Jeder Sch├╝ler sah ihn erwartungsvoll an, als er seinen Platz vor dem Klassenzimmer einnahm, seine B├╝cher aufgeschlagen, bereit zu lernen. Er sagte ihnen allen, sie sollten die n├Ąchsten drei Kapitel lesen, und sie taten es sofort. Au├čer Ellie, die vor ihr steht, als sie aufsteht und sich an ihren Schreibtisch setzt.
Ellie war eine s├╝├če kleine Br├╝nette mit langen schwarzen Haaren, die ihr ├╝ber den R├╝cken hingen; braune Augen, die unschuldig und voller Neugier aussehen; Volle Lippen f├╝r John ohne Ende der geilen Fantasien. Dann war da noch der K├Ârper, der John verr├╝ckt machte. Er war ein zierliches kleines Ding mit einem Gewicht von weniger als hundert Pfund. Ihre Br├╝ste waren klein, vielleicht K├Ârbchengr├Â├če B, aber das war von einem Neuling zu erwarten. Sein K├Ârper war schlank, mit einem flachen Bauch, den er normalerweise bedeckte, und einem im Entstehen begriffenen Hinterteil.
Jetzt, w├Ąhrend alle anderen lernten, stand Ellie vor John und packte den Saum ihres Shirts und zog es sich ├╝ber den Kopf, bevor sie es zu Boden warf. Ihre frechen Br├╝ste kamen zum Vorschein und Johns Schwanz richtete sich sofort auf. Kein BH, fragte sie l├Ąchelnd und Ellie nickte. Meine Schwester hat mir gesagt, dass sie es lieben, die Brustwarzen von M├Ąnnern durch ihr Hemd zu sehen. Deine Schwester hatte recht, sagte John, als Ellie sich vor ihn kniete.
Er griff nach ihrem Rei├čverschluss und zog ihn herunter, wodurch er seine heftige Erektion loslie├č. John fand es toll, dass seine neue F├Ąhigkeit unbegrenzte Ausdauer mit sich bringt. Es war egal, dass er heute schon drei Orgasmen hatte, sein Schwanz war hart und seine Eier waren voll. Ellie ├Âffnete ihre Augen weit und schlang ihre H├Ąnde um sie. Es ist riesig, sagte sie, als sie anfing, ihn zu streicheln.

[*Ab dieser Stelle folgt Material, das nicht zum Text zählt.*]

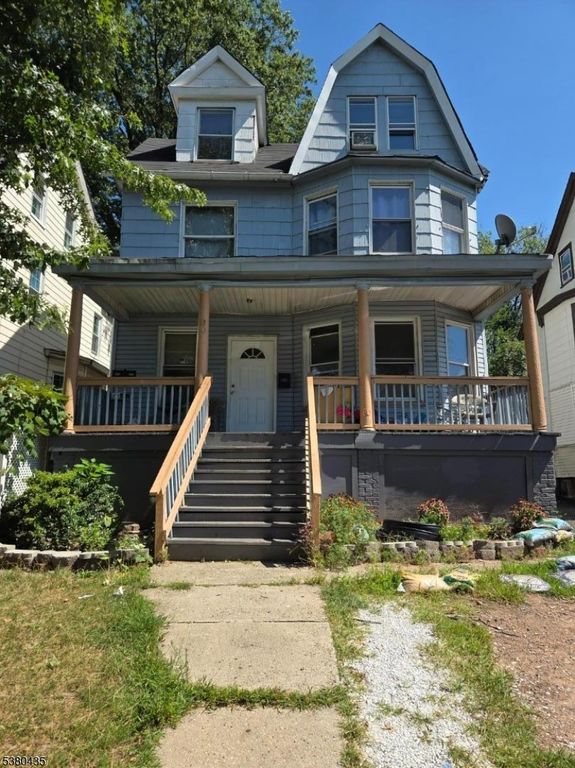 80 Eppirt St, East Orange City, NJ 07018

Besonders die Worte, die aus Ellies s├╝├čer Stimme in ihrer s├╝├čen Stimme herauskamen, machten John verr├╝ckt. John st├Âhnte laut, als er sich nach vorne lehnte und anfing, mit seiner Zunge ├╝ber ihren Schwanzkopf zu fahren. Das ganze Semester ├╝ber hatte sie davon getr├Ąumt, diese junge Schlampe mit ein paar anderen Studenten zu v├Âgeln. Jetzt, da Ellies Zunge ├╝ber ihren harten K├Ârper lief, wusste John, dass all seine Fantasien wahr werden w├╝rden.
Als Ellie ihren Mund ├Âffnete und anfing, an seinem Schwanz zu saugen, sah John auf und sah, dass insbesondere ein Sch├╝ler bereits mit dem Lesen fertig war. James war ein sehr schneller Leser und sehr intelligent; Tats├Ąchlich war er Johns bester Sch├╝ler. Aber der Junge war ein Nerd, er sah nicht sehr gut aus und deshalb war er nicht sehr beliebt. John hatte Mitleid mit dem Jungen, also beschloss er, die Vorteile seiner neuen St├Ąrke zu teilen.
Krissy, sagte John und ein blondes, blau├Ąugiges M├Ądchen sah schnell auf. Sie war eines der beliebtesten M├Ądchen in der Schule, sie hatte gro├če Br├╝ste und einen tollen Arsch. John w├╝rde sie irgendwann ficken, aber er f├╝hlte sich heute gro├čz├╝gig. Geh und lutsch James‘ Schwanz, sagte John. Und sorgen Sie daf├╝r, dass er sich gut f├╝hlt. Versuchen Sie Ihr Bestes.
Weil das M├Ądchen so hei├č und beliebt war, w├╝rde sie sich normalerweise nicht herablassen, James anzusehen oder mit ihm zu reden, noch irgendetwas Sexuelles mit ihm zu tun. Aber jetzt, manipuliert von Johns Macht, stand sie gl├╝cklich auf und kniete vor James nieder. Er lie├č seinen Penis los und begann eifrig zu saugen. Mr. Meyers, Sie sind der Beste, sagte James und John musste ihm zustimmen. Er war ziemlich ├╝berraschend.
John konzentrierte sich auf Ellie, die es nicht ganz geschafft hatte, ihren ganzen Penis in ihren Hals zu bekommen. Es tut mir leid, sagte sie, nahm ihren Mund von seinem Schwanz und sah ihn an. Es ist okay. Ich w├╝rde es aber gerne woanders hinstellen. Ellie err├Âtete und stellte sich vor ihn, bevor sie nach der Spitze ihrer Strumpfhose griff. Sie schob sie nach unten und enth├╝llte das wei├če H├Âschen, das eng an ihrem sich entwickelnden Arsch haftete.
John l├Ąchelte, als er einen gro├čen feuchten Fleck im Schritt von Ellies Unterw├Ąsche bemerkte, ein Beweis daf├╝r, dass sie erregt war. Sie biss sich auf die Lippe, w├Ąhrend sie ihn von oben und unten anstarrte, ihr Schwanz pochte und wollte unbedingt darin versinken. Ellie holte mutig Luft, schob ihre Finger in den Saum ihres H├Âschens und verdrehte dabei ihre Finger.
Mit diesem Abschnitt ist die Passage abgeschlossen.